- GOAL OF THE EXERCISE -
Your answer should be every line below that includes the word "White".

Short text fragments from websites
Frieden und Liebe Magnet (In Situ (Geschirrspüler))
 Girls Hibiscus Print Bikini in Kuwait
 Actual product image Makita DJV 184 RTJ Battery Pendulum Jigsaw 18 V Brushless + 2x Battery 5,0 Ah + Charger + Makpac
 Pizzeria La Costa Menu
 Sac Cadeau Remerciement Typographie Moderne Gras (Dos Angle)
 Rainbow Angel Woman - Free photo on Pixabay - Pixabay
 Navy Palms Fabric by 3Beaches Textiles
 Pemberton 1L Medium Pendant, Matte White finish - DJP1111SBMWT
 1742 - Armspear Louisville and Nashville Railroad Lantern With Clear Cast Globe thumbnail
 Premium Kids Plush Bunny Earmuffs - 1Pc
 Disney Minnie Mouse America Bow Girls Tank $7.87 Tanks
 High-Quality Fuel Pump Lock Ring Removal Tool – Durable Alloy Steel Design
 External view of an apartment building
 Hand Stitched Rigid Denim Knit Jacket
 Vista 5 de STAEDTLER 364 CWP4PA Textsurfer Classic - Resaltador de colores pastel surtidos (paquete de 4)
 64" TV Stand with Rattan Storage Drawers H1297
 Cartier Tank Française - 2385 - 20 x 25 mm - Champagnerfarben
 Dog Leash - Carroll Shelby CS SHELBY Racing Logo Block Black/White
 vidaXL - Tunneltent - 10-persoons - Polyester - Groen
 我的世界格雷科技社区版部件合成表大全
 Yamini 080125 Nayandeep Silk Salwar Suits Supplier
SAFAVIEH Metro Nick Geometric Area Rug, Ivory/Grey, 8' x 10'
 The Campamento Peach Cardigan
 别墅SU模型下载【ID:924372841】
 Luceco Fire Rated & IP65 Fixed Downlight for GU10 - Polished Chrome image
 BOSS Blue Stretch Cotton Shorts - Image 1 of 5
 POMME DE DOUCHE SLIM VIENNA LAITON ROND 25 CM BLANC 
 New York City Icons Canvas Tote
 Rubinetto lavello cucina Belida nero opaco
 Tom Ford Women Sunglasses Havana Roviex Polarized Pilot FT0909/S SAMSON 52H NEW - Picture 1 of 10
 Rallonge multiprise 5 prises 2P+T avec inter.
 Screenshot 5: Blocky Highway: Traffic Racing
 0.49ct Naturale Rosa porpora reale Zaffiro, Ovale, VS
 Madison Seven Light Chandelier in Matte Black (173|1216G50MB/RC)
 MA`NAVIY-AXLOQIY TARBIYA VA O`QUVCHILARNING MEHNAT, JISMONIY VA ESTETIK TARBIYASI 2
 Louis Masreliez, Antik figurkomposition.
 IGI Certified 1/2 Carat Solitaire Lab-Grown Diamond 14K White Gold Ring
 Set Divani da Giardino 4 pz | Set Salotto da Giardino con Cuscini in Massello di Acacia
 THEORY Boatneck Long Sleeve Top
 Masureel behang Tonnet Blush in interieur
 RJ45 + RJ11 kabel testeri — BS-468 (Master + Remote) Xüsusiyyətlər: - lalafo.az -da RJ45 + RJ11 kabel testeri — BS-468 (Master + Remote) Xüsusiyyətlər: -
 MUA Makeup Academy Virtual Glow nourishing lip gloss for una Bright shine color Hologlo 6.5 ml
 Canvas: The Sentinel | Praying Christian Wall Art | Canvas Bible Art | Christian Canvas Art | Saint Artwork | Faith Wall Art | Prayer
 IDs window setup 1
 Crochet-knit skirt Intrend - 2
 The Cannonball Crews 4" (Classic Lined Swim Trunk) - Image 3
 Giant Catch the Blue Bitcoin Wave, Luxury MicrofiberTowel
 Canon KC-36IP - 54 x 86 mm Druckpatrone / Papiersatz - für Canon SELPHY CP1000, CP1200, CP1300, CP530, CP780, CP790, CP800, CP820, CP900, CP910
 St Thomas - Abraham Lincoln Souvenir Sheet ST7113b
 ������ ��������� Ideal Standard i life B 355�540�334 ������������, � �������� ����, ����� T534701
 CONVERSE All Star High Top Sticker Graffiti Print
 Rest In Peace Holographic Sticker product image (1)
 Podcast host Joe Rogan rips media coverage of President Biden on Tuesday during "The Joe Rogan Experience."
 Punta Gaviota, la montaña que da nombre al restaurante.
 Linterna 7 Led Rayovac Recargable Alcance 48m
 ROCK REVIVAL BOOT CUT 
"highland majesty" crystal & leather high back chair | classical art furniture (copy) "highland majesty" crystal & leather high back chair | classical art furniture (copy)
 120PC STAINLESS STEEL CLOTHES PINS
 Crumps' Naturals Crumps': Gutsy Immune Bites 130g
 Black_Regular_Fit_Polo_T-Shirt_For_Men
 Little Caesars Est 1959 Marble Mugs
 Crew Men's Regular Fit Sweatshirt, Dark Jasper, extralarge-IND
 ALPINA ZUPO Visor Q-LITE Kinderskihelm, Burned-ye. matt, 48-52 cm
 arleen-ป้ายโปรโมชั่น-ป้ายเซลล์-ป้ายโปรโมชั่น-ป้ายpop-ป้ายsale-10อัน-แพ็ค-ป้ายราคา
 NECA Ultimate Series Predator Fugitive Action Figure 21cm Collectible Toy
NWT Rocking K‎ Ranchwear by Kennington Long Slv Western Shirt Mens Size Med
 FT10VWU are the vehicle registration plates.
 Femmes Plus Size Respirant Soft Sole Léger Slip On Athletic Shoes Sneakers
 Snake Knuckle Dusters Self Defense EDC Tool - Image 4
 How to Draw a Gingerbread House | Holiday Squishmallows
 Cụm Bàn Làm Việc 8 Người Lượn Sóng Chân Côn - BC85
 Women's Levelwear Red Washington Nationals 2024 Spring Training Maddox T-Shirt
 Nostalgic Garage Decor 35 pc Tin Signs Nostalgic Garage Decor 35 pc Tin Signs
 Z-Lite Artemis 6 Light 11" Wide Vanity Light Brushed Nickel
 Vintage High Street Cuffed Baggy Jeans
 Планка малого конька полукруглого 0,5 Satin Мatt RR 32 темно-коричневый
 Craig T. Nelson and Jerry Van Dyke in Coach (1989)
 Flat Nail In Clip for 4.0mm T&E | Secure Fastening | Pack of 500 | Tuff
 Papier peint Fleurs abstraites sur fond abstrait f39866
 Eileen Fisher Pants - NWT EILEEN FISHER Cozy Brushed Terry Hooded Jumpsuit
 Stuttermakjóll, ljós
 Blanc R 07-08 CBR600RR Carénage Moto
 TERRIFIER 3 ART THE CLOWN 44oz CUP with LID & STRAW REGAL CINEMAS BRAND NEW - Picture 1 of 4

- SOLUTION BELOW -
 Pemberton 1L Medium Pendant, Matte White finish - DJP1111SBMWT
 Dog Leash - Carroll Shelby CS SHELBY Racing Logo Block Black/White
 IGI Certified 1/2 Carat Solitaire Lab-Grown Diamond 14K White Gold Ring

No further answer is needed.